● Data in this exercise
■ ■ ■ ■ ■

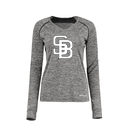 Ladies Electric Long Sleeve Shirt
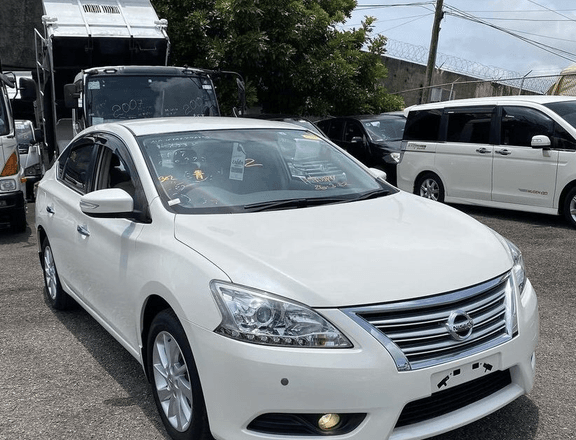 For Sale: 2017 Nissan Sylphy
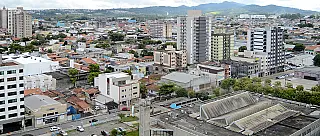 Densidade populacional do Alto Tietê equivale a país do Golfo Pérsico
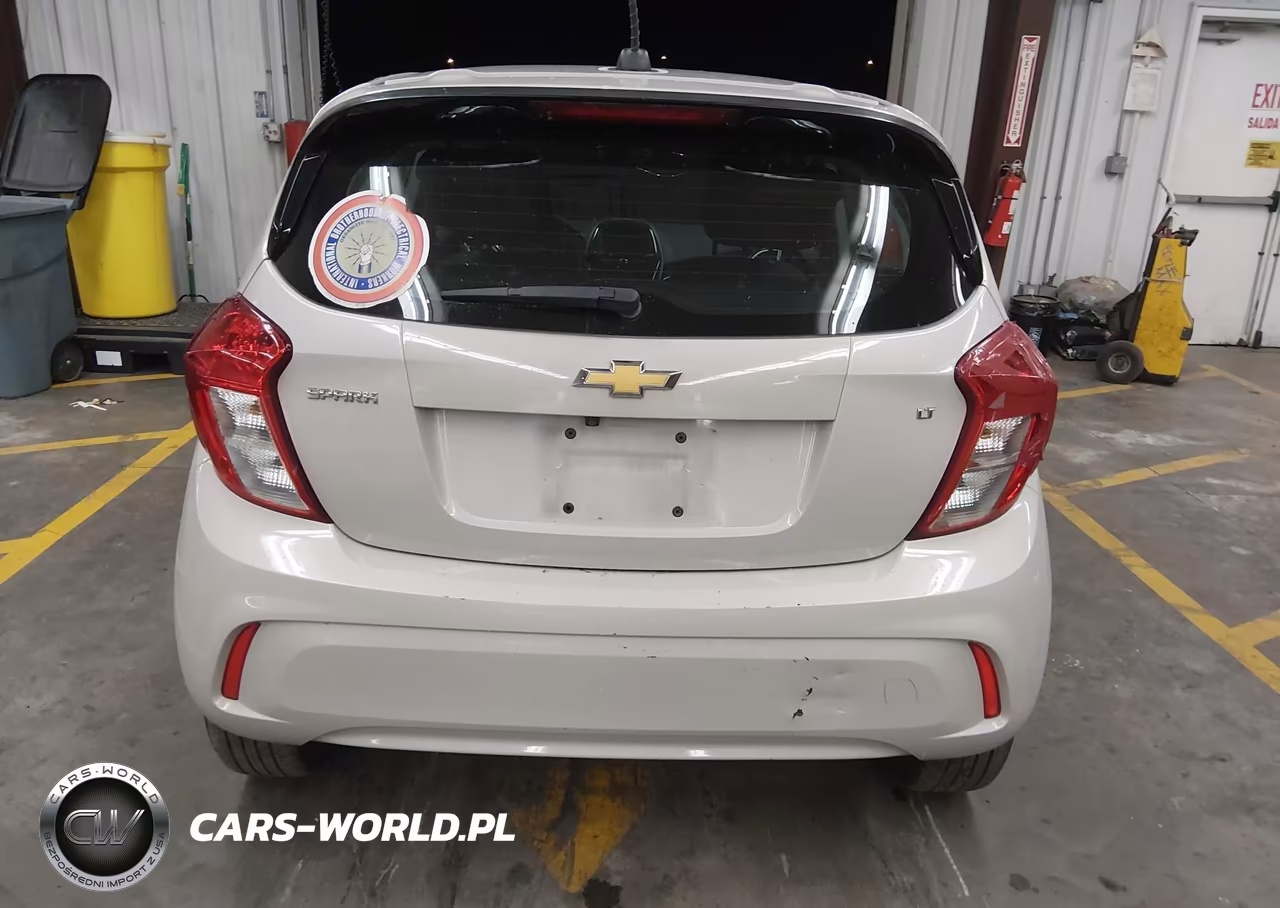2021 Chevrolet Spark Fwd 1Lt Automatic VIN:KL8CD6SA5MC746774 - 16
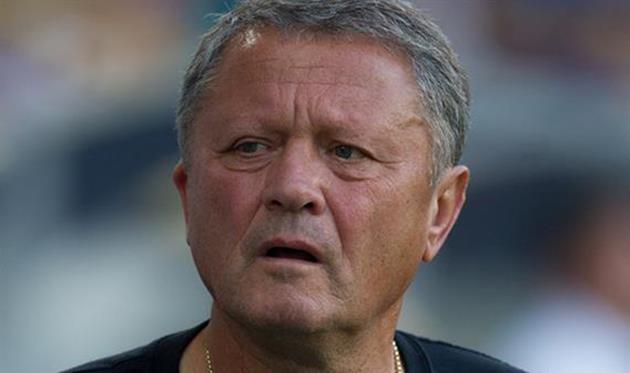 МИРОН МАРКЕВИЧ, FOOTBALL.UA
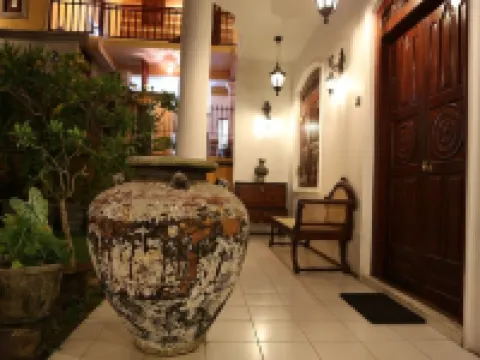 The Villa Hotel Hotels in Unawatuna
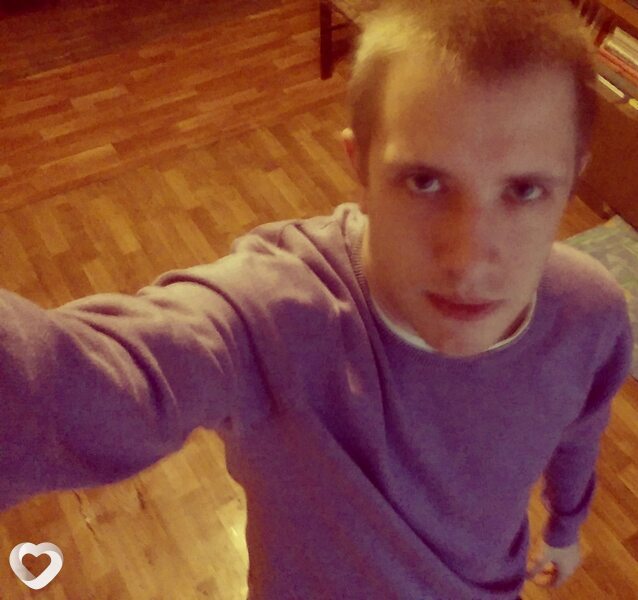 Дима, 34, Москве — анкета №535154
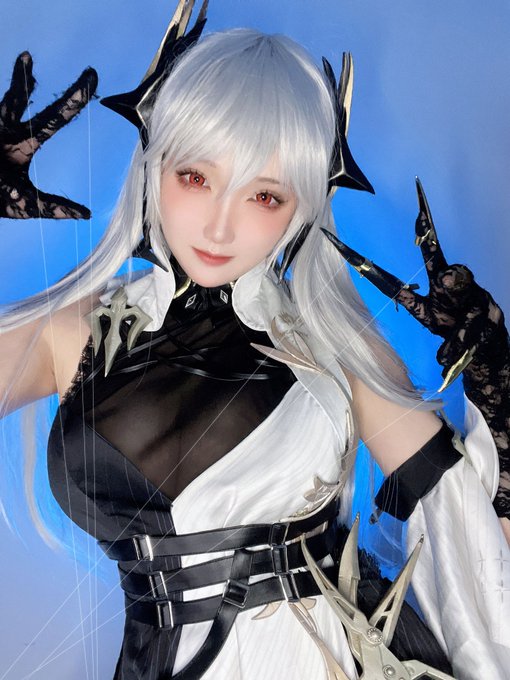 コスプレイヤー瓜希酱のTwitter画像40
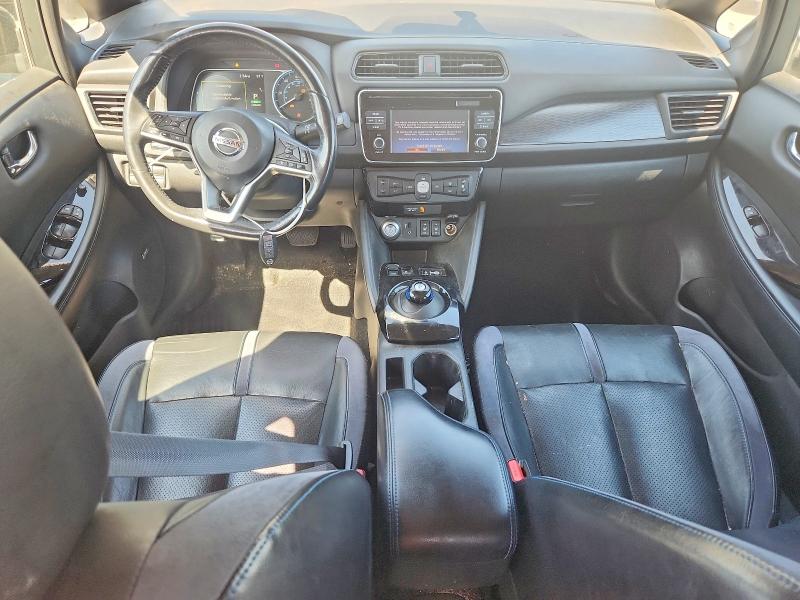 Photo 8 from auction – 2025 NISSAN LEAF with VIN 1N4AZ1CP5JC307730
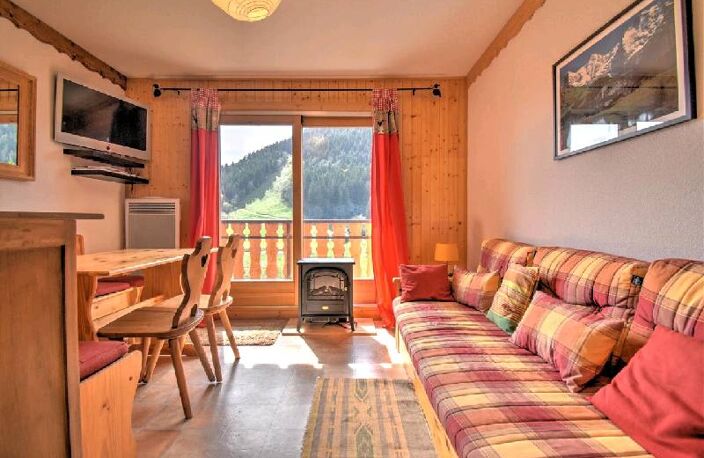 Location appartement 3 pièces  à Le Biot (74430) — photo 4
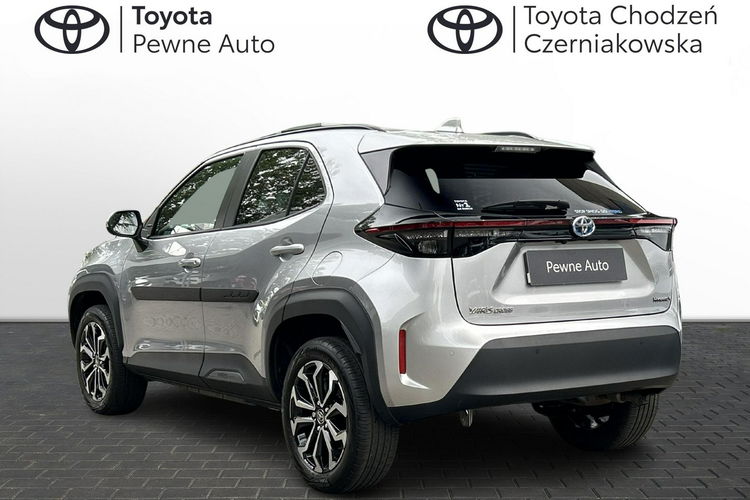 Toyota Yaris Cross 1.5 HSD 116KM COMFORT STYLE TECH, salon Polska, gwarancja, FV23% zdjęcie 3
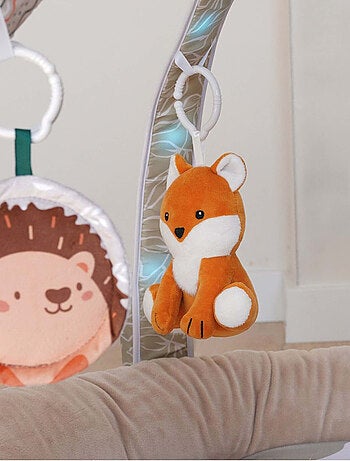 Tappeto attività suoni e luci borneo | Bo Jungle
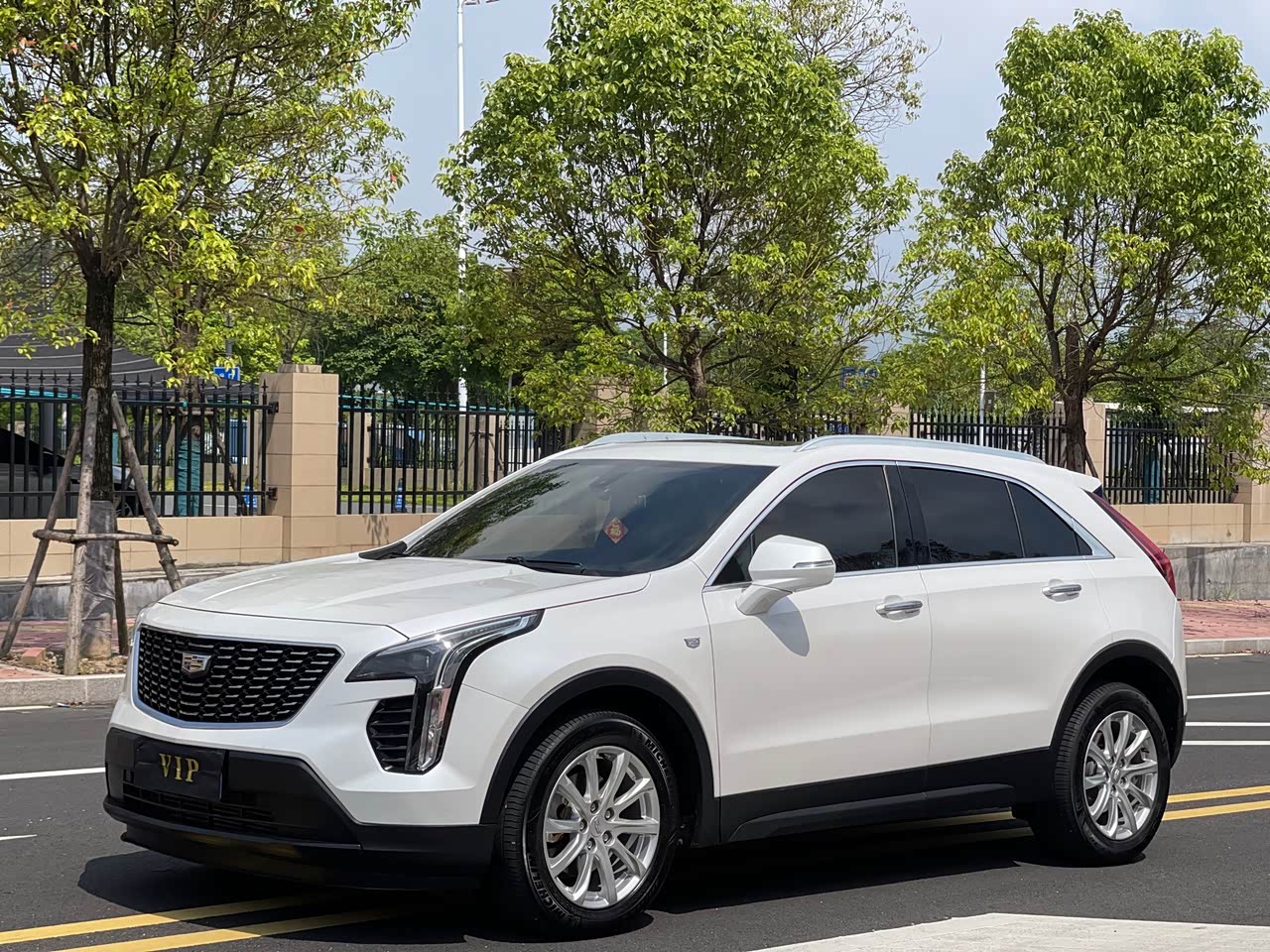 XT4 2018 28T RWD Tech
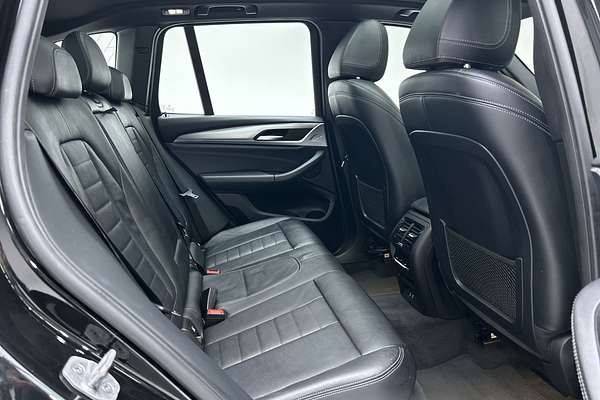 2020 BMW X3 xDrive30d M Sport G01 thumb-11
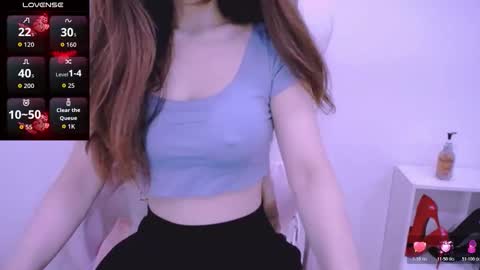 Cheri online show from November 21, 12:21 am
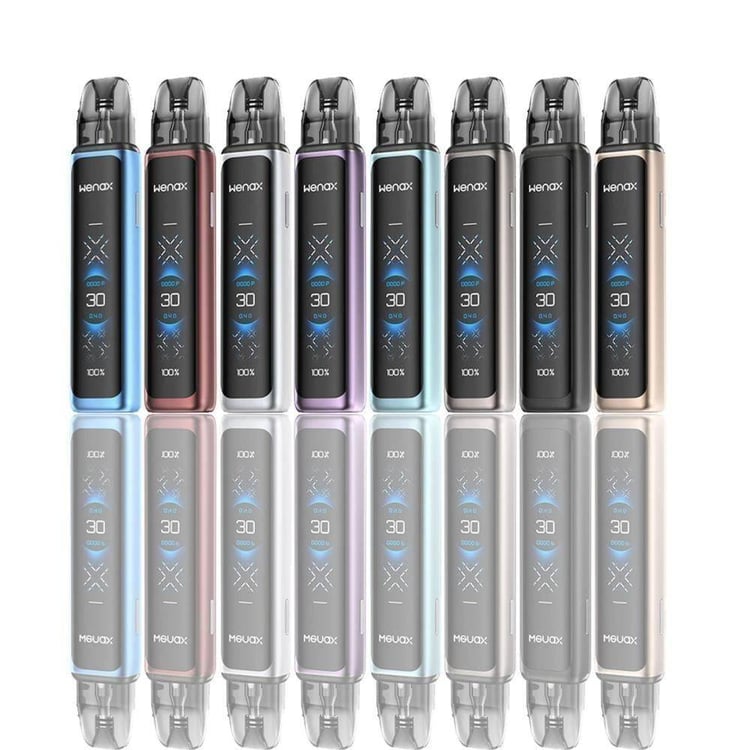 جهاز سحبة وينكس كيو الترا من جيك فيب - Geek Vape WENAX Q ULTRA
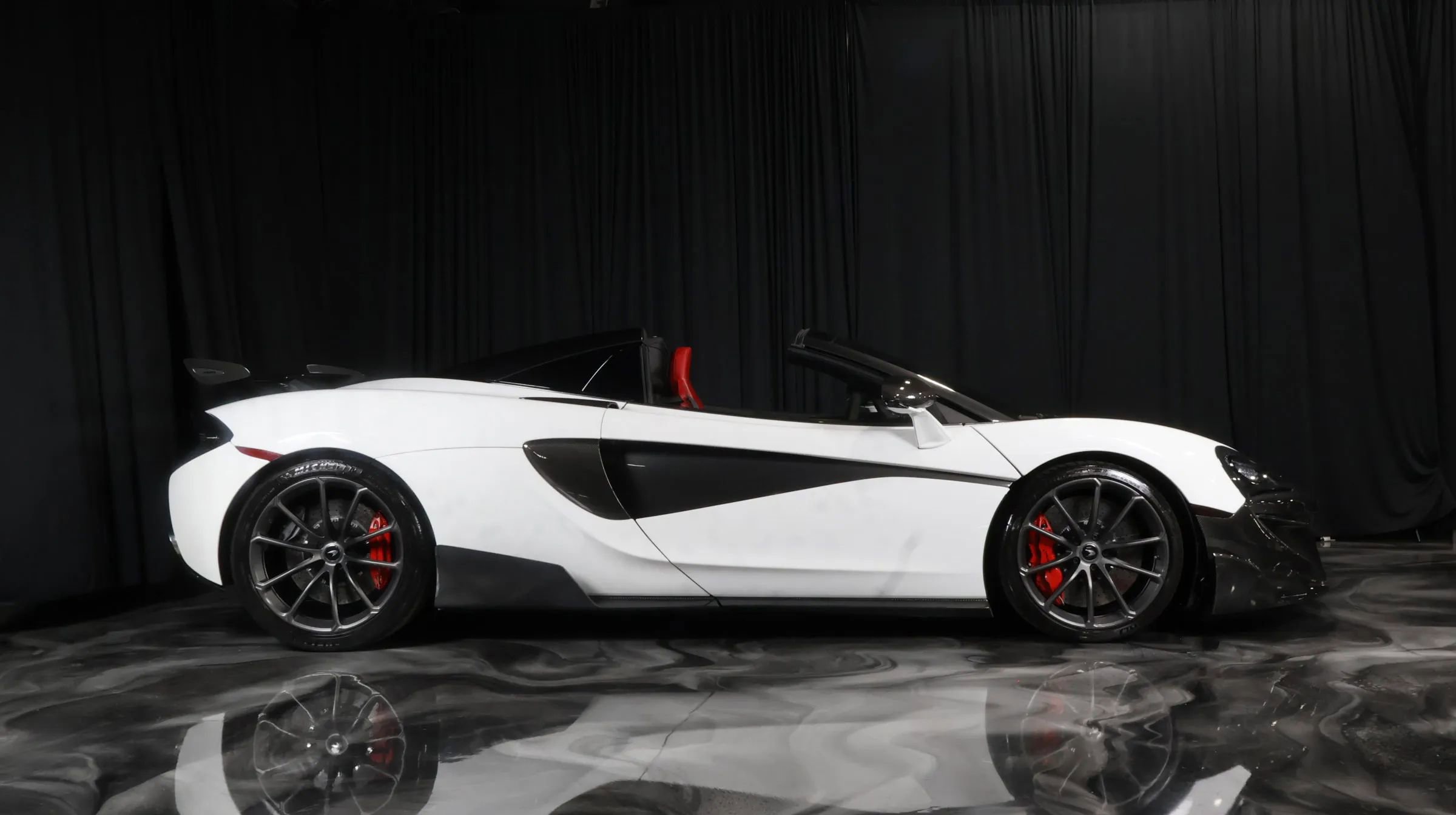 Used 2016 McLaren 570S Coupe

■ ■ ■ ■ ■

● The problem
Copy only this from above: the line containing "МИРОН МАРКЕВИЧ, FOOTBALL.UA", the line containing "Cheri online show from November 21, 12:21 am", and all lines between, printed exactly. Leave out the pictures.

● Exercise result
 МИРОН МАРКЕВИЧ, FOOTBALL.UA
 The Villa Hotel Hotels in Unawatuna
 Дима, 34, Москве — анкета №535154
 コスプレイヤー瓜希酱のTwitter画像40
 Photo 8 from auction – 2025 NISSAN LEAF with VIN 1N4AZ1CP5JC307730
 Location appartement 3 pièces  à Le Biot (74430) — photo 4
 Toyota Yaris Cross 1.5 HSD 116KM COMFORT STYLE TECH, salon Polska, gwarancja, FV23% zdjęcie 3
 Tappeto attività suoni e luci borneo | Bo Jungle
 XT4 2018 28T RWD Tech
 2020 BMW X3 xDrive30d M Sport G01 thumb-11
 Cheri online show from November 21, 12:21 am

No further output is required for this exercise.